I have been following this important legislation and I am aware of the amendment to the Bill by the House of Lords prohibiting the passing of remediation costs on to leaseholders and tenants. I entirely support the intention of the amendment to protect leaseholders. However, for a number of reasons outlined below I do not support the amendment itself. 

Most importantly, this Bill is not the correct place for remediation costs to be addressed. The Government has already committed that it will provide an update regarding remediation costs before the Building Safety Bill returns to Parliament. In addition, work is currently underway with leaseholders and the financial sector to identify financing solutions that protect leaseholders from unaffordable costs while ensuring that the cost does not fall entirely on taxpayers. I hope we can agree that it is important not to interrupt these discussions. Therefore, I fear this particular amendment could lead to unnecessary confusion.

It is the Government's clearly stated intention to follow through on the recommendations of phase one of the Grenfell fire inquiry and this Bill is part of that process. 

Regarding EWS1 forms, my ministerial colleagues recognise the difficulties some people are facing on mortgages and expect lenders to do all they can to unblock these issues for leaseholders.  The Government does not support the blanket use of External Wall System Review forms and encourage lenders to accept equivalent evidence that demonstrates buildings are safe for valuation purposes. The form is not a regulatory requirement and  the Government has urged for a more pragmatic approach, especially for lower rise blocks.

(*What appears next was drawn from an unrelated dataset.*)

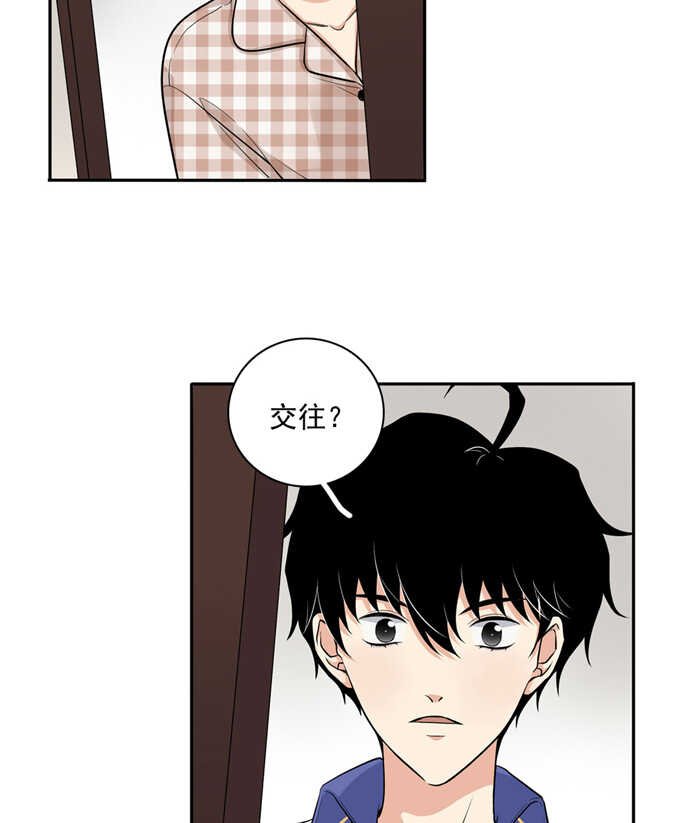 第60话交往-夹心之绊-维诗?图：维诗 文：维诗（第21张）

The EWS1 form was developed by the Royal Institution of Chartered Surveyors to respond to mortgage lender concerns about cladding on high-rise residential buildings. Lenders have confirmed that product transfers at the end of fixed-term mortgage offers within the same bank should progress without the need for an EWS1 review. However, building owners of high rise residential building 18 metres and above need to confirm the cladding system in their buildings through an EWS1 for new mortgages or when re-mortgaging. Guidance from the Royal Institution does state that the form should not be used for other purposes. I am told that lenders have assured the Minister for Building Safety that leaseholders should face no barrier to renewing their mortgage with their existing lender.

The Fire Safety Bill sets the foundation for implementing the recommendations from the Grenfell Tower Inquiry, which we all want to see set in law. I am glad that the Bill has now progressed in Parliament, paving the way for more accountability from building owners and enforcement from fire and rescue authorities to hold irresponsible owners to account.